Perempuan di Keabadian

Kenya Indrasti M
Chapter #34

Belahan Jiwa

Dugaannya benar, alat di atas kepalanya tidak lagi memberikan reaksi yang sama. Rasanya semudah memanggil kilasan kenangan yang sudah dia ketahui. Tidak ada yang baru.

 

“Bagaimana kamu membuat musik yang bisa berbicara dengan sel ini?” Sabre membuka matanya.

 

“Sesuatu yang nyata tapi kasat mata, frekuensi. Jika kitab isa melihatnya, lajur-lajur frekuensi bersilangan dimana-mana, terpancar dari mana saja.”

 

“Dari makhluk hidup?”

 

“Bahkan benda mati pun memiliki jenis frekuensinya, karena energi kehidupan ada di mana-mana. Jika batu, besi tidak memiliki energi hidup, dia tidak akan bisa mengantar panas. Dengan frekuensi tertentu, sel bisa mendengar, dan kesadaran kita meresponnya.”

 

Sabre menegakkan sandaran, dan turun dari kursi itu, duduk di depan meja Freya sambil memandang ke sekeliling. Dia teringat kembali apa yang terjadi pada Tara.

 

“Tara mengira, melepaskan kepergian Nael adalah hal terberat dalam fase perjalanan hidupnya, ternyata menerima kedatangannya membuatnya lebih hancur lagi.”

 

“Sebuah sistem yang terukur dan terperinci sedang mengajarkannya cara memperbaiki karma. Setiap rasa sakit akan membawa dia ke level yang lebih tinggi.”

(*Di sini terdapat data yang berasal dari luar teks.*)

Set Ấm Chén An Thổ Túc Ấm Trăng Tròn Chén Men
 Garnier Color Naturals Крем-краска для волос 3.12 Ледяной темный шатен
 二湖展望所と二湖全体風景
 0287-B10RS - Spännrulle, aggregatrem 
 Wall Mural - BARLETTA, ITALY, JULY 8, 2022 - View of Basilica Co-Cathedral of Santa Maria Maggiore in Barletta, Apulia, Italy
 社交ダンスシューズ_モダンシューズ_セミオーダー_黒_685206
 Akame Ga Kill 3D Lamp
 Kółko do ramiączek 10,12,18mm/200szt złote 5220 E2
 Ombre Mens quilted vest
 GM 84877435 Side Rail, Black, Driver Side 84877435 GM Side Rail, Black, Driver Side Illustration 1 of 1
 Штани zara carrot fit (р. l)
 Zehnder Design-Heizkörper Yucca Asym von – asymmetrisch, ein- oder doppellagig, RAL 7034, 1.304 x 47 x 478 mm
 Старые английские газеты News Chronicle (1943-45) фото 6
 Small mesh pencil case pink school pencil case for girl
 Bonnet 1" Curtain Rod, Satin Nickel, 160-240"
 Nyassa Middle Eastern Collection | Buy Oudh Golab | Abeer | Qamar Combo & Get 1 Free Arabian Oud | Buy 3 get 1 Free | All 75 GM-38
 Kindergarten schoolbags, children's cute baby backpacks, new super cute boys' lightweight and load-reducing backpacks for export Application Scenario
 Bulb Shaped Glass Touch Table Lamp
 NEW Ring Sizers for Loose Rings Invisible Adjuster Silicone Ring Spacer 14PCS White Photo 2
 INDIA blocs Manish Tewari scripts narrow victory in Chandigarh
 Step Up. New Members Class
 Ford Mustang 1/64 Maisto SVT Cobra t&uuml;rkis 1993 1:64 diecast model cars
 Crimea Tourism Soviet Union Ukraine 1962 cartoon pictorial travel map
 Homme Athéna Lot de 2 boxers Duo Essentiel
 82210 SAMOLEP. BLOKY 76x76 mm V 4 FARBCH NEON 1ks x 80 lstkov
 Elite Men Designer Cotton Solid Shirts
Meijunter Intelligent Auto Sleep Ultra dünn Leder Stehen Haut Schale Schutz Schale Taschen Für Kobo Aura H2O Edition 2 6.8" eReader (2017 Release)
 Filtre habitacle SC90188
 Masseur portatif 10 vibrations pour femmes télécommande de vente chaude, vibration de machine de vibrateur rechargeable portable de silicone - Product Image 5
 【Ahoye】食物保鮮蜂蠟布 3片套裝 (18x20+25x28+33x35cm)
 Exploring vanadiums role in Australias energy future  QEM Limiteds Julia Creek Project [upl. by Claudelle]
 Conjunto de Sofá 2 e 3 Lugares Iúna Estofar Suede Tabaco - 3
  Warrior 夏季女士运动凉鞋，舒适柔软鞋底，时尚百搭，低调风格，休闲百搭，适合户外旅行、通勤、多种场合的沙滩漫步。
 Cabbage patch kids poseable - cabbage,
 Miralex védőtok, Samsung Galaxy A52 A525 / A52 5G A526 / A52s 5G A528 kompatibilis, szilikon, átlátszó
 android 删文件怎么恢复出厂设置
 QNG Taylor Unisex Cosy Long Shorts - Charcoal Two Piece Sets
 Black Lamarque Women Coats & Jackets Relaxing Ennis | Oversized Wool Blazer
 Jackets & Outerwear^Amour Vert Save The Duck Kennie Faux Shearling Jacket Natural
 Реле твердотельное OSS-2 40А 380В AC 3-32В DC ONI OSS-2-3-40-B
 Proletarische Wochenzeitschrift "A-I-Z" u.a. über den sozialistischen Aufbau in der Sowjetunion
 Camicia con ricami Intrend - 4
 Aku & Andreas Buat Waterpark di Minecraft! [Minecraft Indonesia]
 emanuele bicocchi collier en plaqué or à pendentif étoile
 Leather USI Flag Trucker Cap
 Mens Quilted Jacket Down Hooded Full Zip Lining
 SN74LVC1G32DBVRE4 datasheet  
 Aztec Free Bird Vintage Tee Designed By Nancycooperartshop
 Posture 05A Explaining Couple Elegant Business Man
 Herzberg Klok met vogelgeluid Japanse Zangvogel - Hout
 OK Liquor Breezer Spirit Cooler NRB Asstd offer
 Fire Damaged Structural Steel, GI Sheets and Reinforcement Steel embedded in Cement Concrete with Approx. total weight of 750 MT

“Dengan rasa sakit? Menjadi hancur?”

“Ya, yang buruk baik bagimu, dan sebaliknya.

Manusia selalu memiliki pilihan. Ketika terpuruk, pilihannya adalah bangkit lagi atau menyerah. Tentu saja Tara merasa hancur, bukankah untuk membangun kembali sesuatu yang lebih baik, kamu harus menghancurkan bangunan yang sudah ada? Semakin sedikit yang rusak, semakin murni bangunan yang baru.”

 

“Tapi Tara banyak menderita sepanjang hidupnya”

“Jika kamu tahu hidupmu akan terus berlanjut, kamu tidak akan khawatir.”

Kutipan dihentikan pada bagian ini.